One change involves increasing the minimum number of full-time faculty members for an approved department from four to five. This proposed change would affect approximately 30 of the 670 approved departments. The increase in faculty was proposed for the 2008 revisions, but it was removed because of strong resistance.

Although flexibility was incorporated into the current guidelines, some chemistry department chairs think the guidelines still aren’t flexible enough. For example, a proposed change calls for students to have significant hands-on lab experience, such as a general chemistry course, before starting foundation lab courses.

“We don’t offer the equivalent of an introductory lab anymore,” says Henry Jakubowski, chair of the chemistry department at College of Saint Benedict & Saint John’s University, in St. Joseph, Minn. His department revamped its curriculum after the 2008 revisions, and students now start their foundation lab courses during their first semester.

The added flexibility also comes into play for some programs in which the requirement for biochemistry can make it difficult for some students to receive ACS-certified degrees. For example, in the chemistry department at the University of Minnesota, Twin Cities, which is part of the College of Science & Engineering, its students have a strong materials science bent.

“Many of our majors are not interested in biology,” says William B. Tolman, department chair at Minnesota. “They’re doing advanced solid-state chemistry, materials chemistry, and polymer chemistry, but they can’t get a certified degree because they didn’t take biochemistry.
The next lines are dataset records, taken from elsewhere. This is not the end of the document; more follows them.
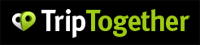 Trip together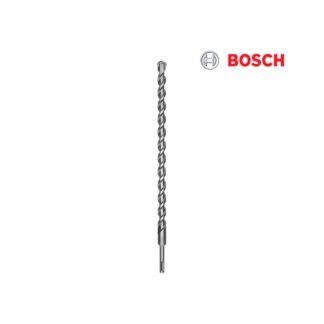 import placeholder for 10280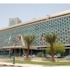40 ألف وحدة سكنية جديدة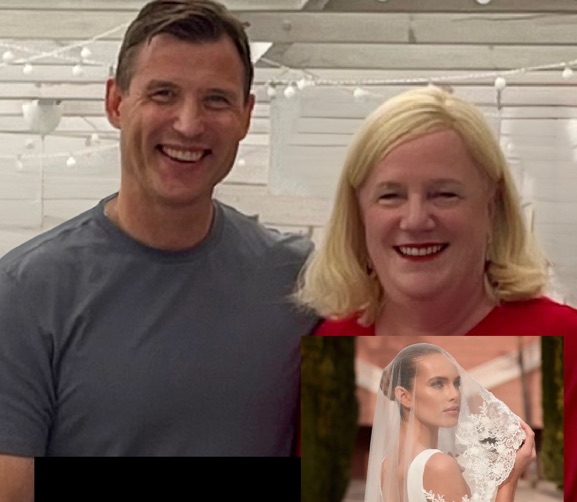 Industry Veteran Janet Fuldner Joins Bianco Evento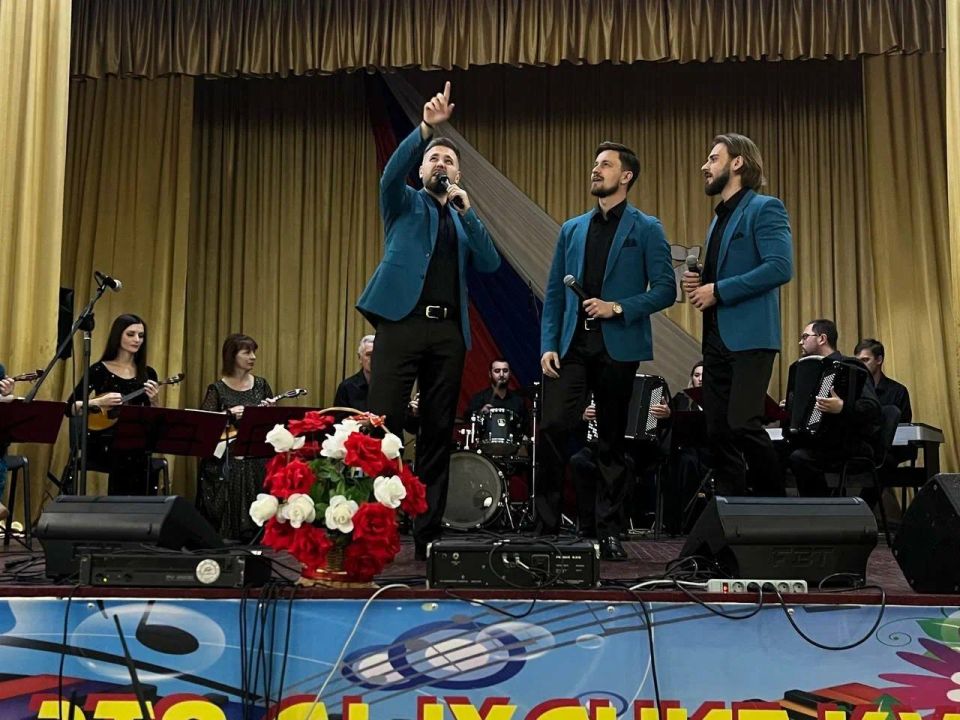 ������� ��������� ������������� ���������� �������� ������� ������� ����������� � ���������� ��� ��������� ��������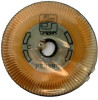 Key Machine Repl Cutter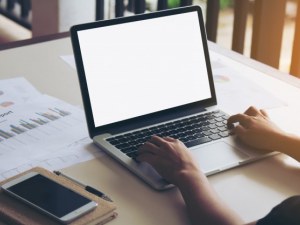 6 признака, че вашият компютър има проблем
The ACS guidelines should be more flexible to enable programs to evolve in these directions.”

Some of the proposed changes are ones of emphasis, in particular when it comes to lab safety. For example, several guidelines are being changed from “shoulds” to “musts.” Among them is a proposal that every program must have an active safety committee.

“The ‘musts’ are deal breakers,” says Joel I. Shulman, a chemistry professor at the University of Cincinnati and former CPT member who is now a consultant to the committee. “If the guidelines say ‘must’ for something, and a program doesn’t do it, they are out of compliance, which can lead to probation.”

McCoy reiterates that CPT’s proposed changes are still just proposals. “Nothing is set in stone,” she says. “Everything is still open for discussion.”

Interested individuals have time to provide feedback, although CPT must receive their comments by Aug. 1 (see page 40). CPT expects that it will begin finalizing the new guidelines in October.

“I was encouraged that so many people were interested and concerned,” says Allan K. Hovland, a chemistry professor at St. Mary’s College of Maryland who attended the New Orleans symposium. It’s important for faculty to be aware of the proposed changes, he asserts, because those changes could have major impacts on their programs.